Adjacency-Based Compactness

Edges-Removed Compactness

Edges Removed compactness describes the number of edges that have to be removed from an adjacency graph to draw a district. Inuitively, the edges between redistricting units which are in districts are removed. This correlates to Polsby-Popper compactness. For a given adjacency graph $a$ , we can write out the number of edges as $E(a)$ and consider the edges removed for a plan $\pi$ .

Formally, this is then written as:

$\textrm{Edges Removed} = E(a) - E_\pi(a)$ Larger scores are less compact.

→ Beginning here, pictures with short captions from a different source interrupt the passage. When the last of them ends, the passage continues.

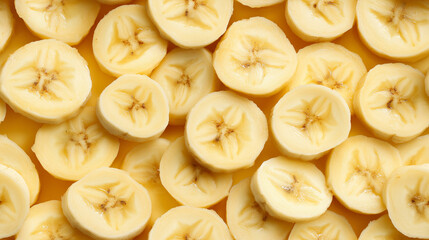 Wall Mural - a close-up, top-down view of sliced bananas spread across the entire frame, filling the image with their creamy yellow color and smooth texture in circular slices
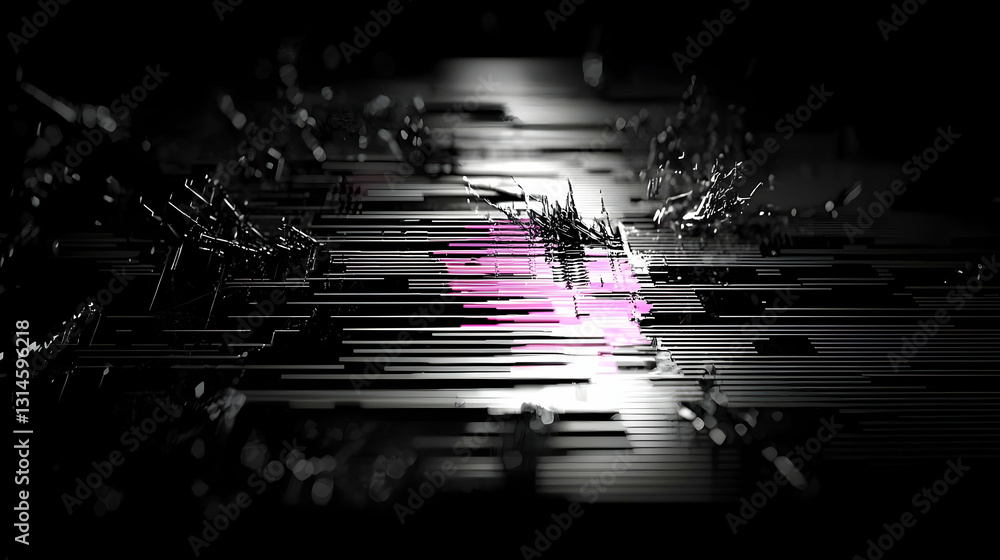 Poster dynamic abstract pink and white glitch effect on a black background with fast horizontal motion blur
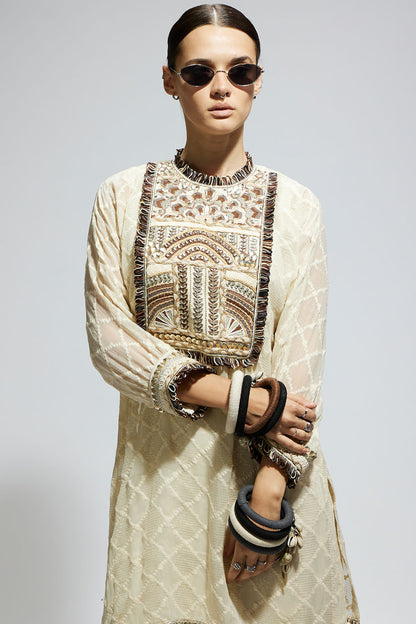 Ivory Aztec Yoke Embroidered Tunic Paired with Drape Skirt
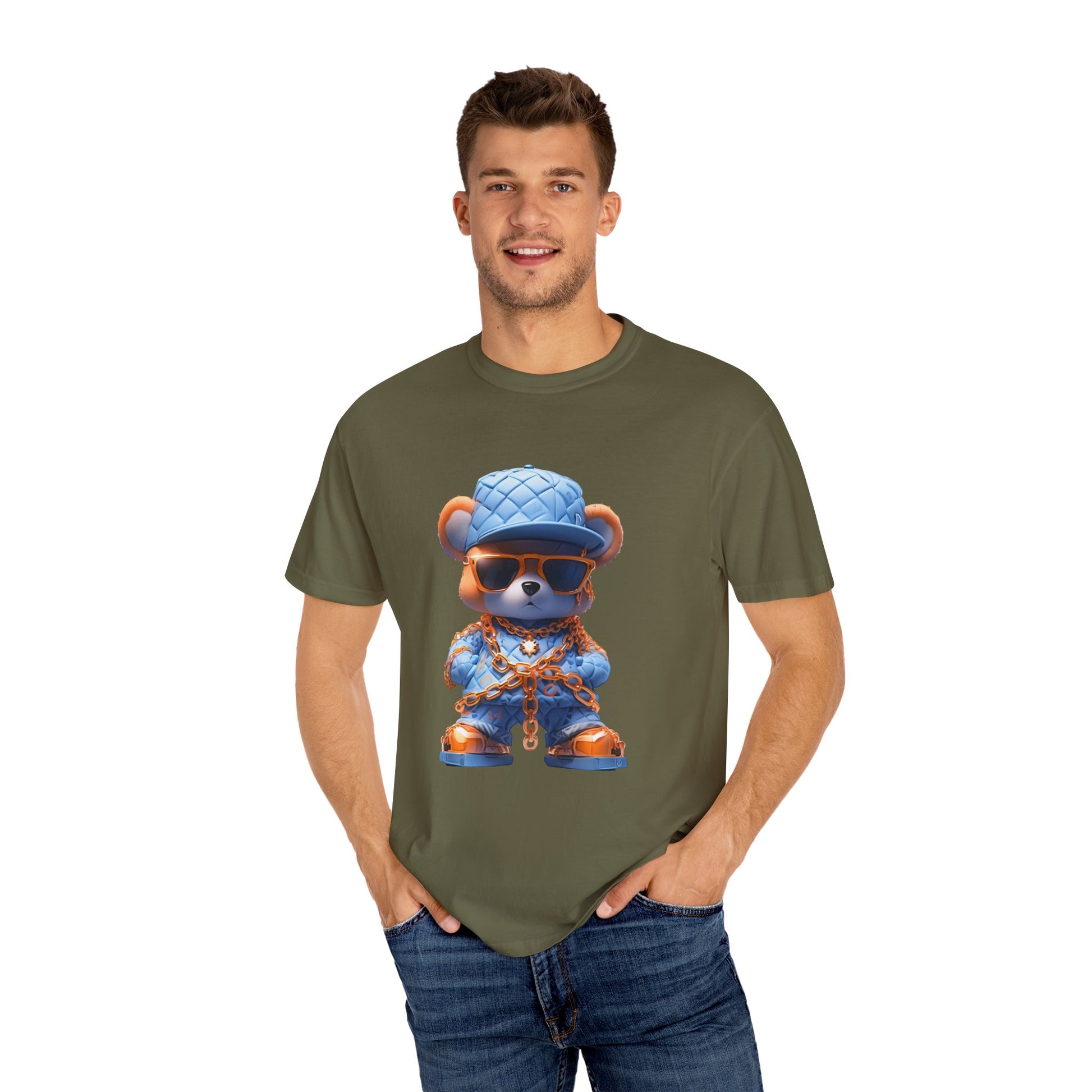 Hip Hop Teddy Bear Graphic Unisex Garment-dyed T-shirt Cotton Funny Humorous Graphic Soft Premium Unisex Men Women Sage T-shirt Birthday Gift-54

Edges-Removed compactness can be computed with:

comp_edges_rem(plans = nh$r_2020, shp = nh, adj = nh$adj)
#> [1] 73 73

Fraction Kept Compactness

Fraction Kept compactness describes the fraction of edges that have to be kept when an adjacency graph is cut to form a district. This is rescaling of Edges Removed Compactness for more consistent interpretation. For a given adjacency graph $a$ , we can write out the number of edges as $E(a)$ and consider the edges removed for a plan $\pi$ .

Formally, this is then written as:

$\textrm{Fraction Kept} = \frac{E(a) - E_\pi(a)}{E(a)}$ Scores range from 0 to 1 where 0 is least compact and 1 is most compact.

Fraction Kept compactness can be computed with:

comp_frac_kept(plans = nh$r_2020, shp = nh, adj = nh$adj)
#> [1] 0.9584755 0.9584755

Log Spanning Tree Compactness

For a given adjacency graph, we can consider some set of spanning trees that can be drawn from it. The number of such spanning trees $n_st$ can be constrained more meaningfully by first drawing spanning trees within districts, which describes the compactness component of the Sequential Monte Carlo (McCartan and Imai 2020) algorithm.

Formally, it can be written as:

$\textrm{Log Spanning Tree} = \textrm{log}(n_st)$

A larger number of log spanning trees is more compact.

Log Spanning Tree compactness can be computed with:

comp_log_st(plans = nh$r_2020, shp = nh, adj = nh$adj, counties = county)
#> [1] -Inf -Inf

General Notes on Speed

Compactness scores can be slow to compute, especially when comparing 1000s of plans with thousands of geographic units. Some basic recommendations:

Avoid computing with block-level data where possible. Precincts or voter tabulation districts tend to be 1/100th of the units and compute much faster
Use rmapshaper::ms_simplify() to simplify if a small degree of accuracy loss is acceptable
Pre-compute prep_perims() once and save the output if relying on Polsby-Popper for more than a single plan.

A rough ordering of speeds to compute:

Scores based on adjacency (Log Spanning Tree, Edges Removed, Fraction Kept)
Scores with Rcpp implementations with useRcpp = TRUE (Polsby-Popper, Schwartzberg)
Scores that can pre-process geographic operations (Fryer-Holden, Length-Width)
Scores that can utilize pre-computed areas (Box Reock, Reock, Convex Hull)
Scores that require multiple plan-level geographic computations (Skew, X-Symmetry, Y-Symmetry)
Scores that that require creating many new geographic objects per plan (Boyce-Clark)